TL;DR
Yes, some viruses *do* write assembly code instead of directly creating machine code. These viruses typically store their malicious instructions as human-readable assembly language and then use an assembler (either built-in or external) to convert it into executable machine code at runtime or during infection. This makes them harder to detect because static analysis focuses on finding pre-existing machine code patterns, not the source code.
How Assembly Viruses Work
- Assembly Code as Payload: Instead of embedding binary (machine code) directly into the virus file, these viruses store their core logic in assembly language. This looks like instructions such as
MOV AX, 10orADD BX, CX. - Assembler Requirement: To execute this code, an assembler is needed. There are a few ways this happens:
- Built-in Assembler: Some viruses include a small assembler routine within themselves. This means the virus can convert its assembly instructions into machine code on the infected system without needing external tools.
- External Assembler: The virus relies on an assembler already being present on the target system (e.g., NASM, MASM). It might try to locate one or require it as a prerequisite for execution.
- Runtime Assembly: The assembly code is assembled *during* the virus’s operation. This could be:
- At Infection Time: When infecting files, the virus might assemble its payload before writing it into the target file.
- Just Before Execution: The virus assembles the necessary code right before attempting to run a malicious function.
- Obfuscation: Assembly language is more easily obfuscated than machine code. This means viruses can change the appearance of their assembly instructions without altering their functionality, making detection harder.
; Example of simple obfuscation - adding a useless instruction MOV AX, 10 ; Original instruction XOR EAX, EAX ; Add a no-op (doesn't change value) MOV AX, 10 ; Re-add the original instruction
Why Use Assembly?
- Evasion: Static signature detection is less effective. Antivirus software often looks for specific sequences of machine code bytes. Assembly viruses change these byte patterns frequently through assembly and obfuscation.
- Polymorphism & Metamorphism: Assembly allows for easier creation of polymorphic (changing code appearance) and metamorphic (rewriting itself entirely) viruses.
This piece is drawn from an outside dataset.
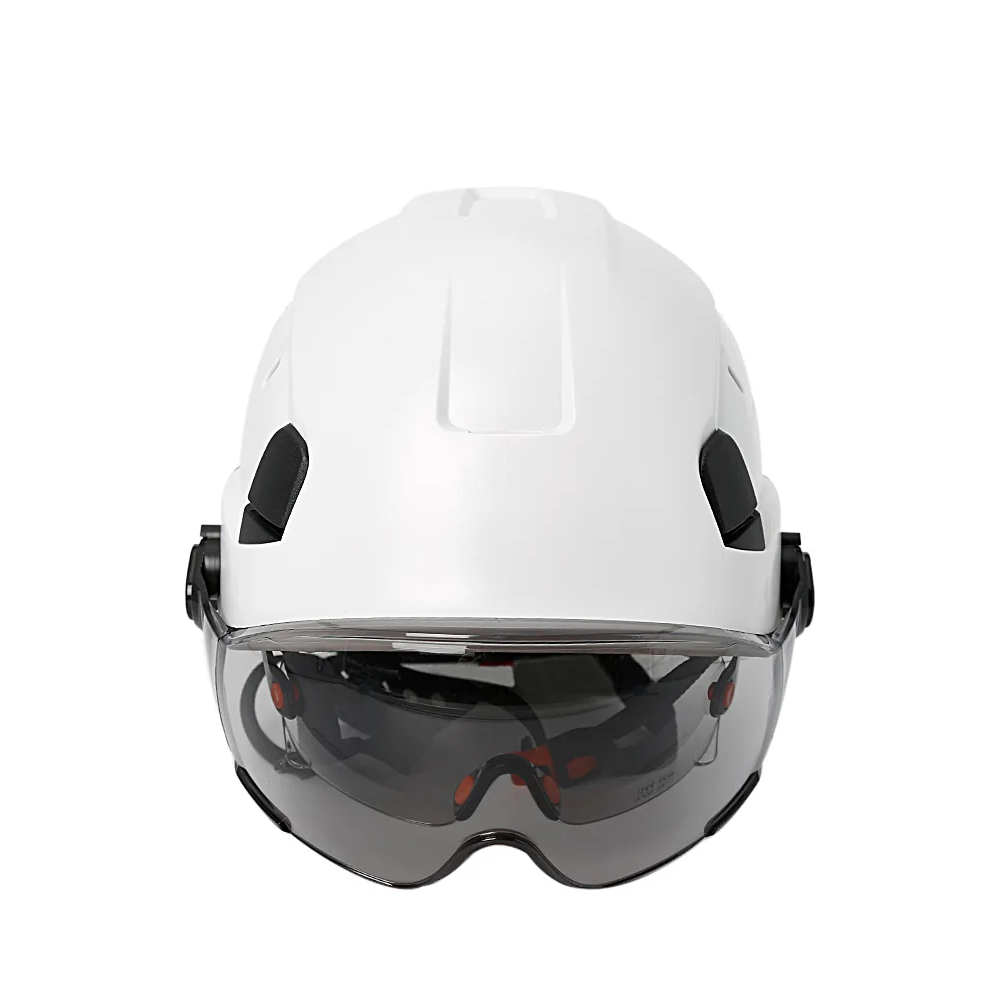 Aolamegs Helm Proyek Konstruksi K3 Safety Protection Double Visor - SF06 Gambar produk Aolamegs Helm Proyek Konstruksi K3 Safety Protection Double Visor - SF06
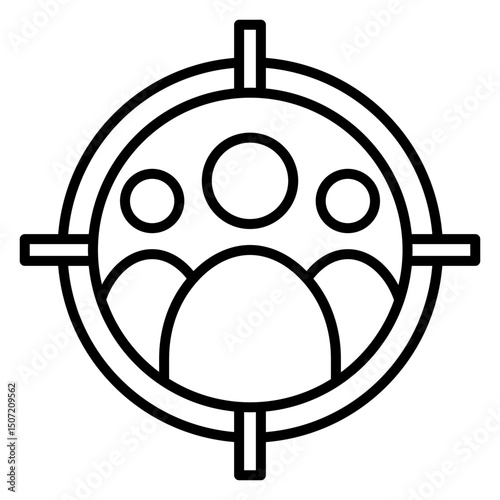 Target Audience Icon: Customer Centricity, Demographic Targeting Concept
- Complexity: It can be harder to reverse engineer assembly code compared to directly analysing machine code, especially if the virus uses complex techniques.
How to Protect Yourself
- Keep Your Antivirus Updated: Modern antivirus software is getting better at detecting assembly viruses through behavioural analysis and heuristics.
- Regular Scans: Perform full system scans regularly, not just quick scans.
- Be Careful with Downloads: Avoid downloading files from untrusted sources. This is the most common infection vector.
- Software Restriction Policies/AppLocker (Windows): These tools can prevent execution of unsigned or unknown code.
; Example PowerShell command to block a program: New-AppLockerPolicy -Name "MyPolicy" Add-AppLockerRule -PolicyName "MyPolicy" -Path "C:Program FilesSuspiciousProgram.exe" -Permission Deny - Sandboxing: Run suspicious programs in a sandbox environment to isolate them from your main system.
Virtual machines (VMs) are excellent for sandboxing.
- Disable Macros: If you receive documents with macros, disable them unless you trust the source.
Detecting Assembly Viruses
- Behavioural Analysis: Look for unusual processes or file modifications.
- Disassembly Tools: Use tools like IDA Pro, Ghidra, or x64dbg to disassemble the code and examine its instructions.
These tools convert machine code back into assembly language.
- Monitoring System Calls: Assembly viruses often make specific system calls. Monitoring these can reveal malicious activity.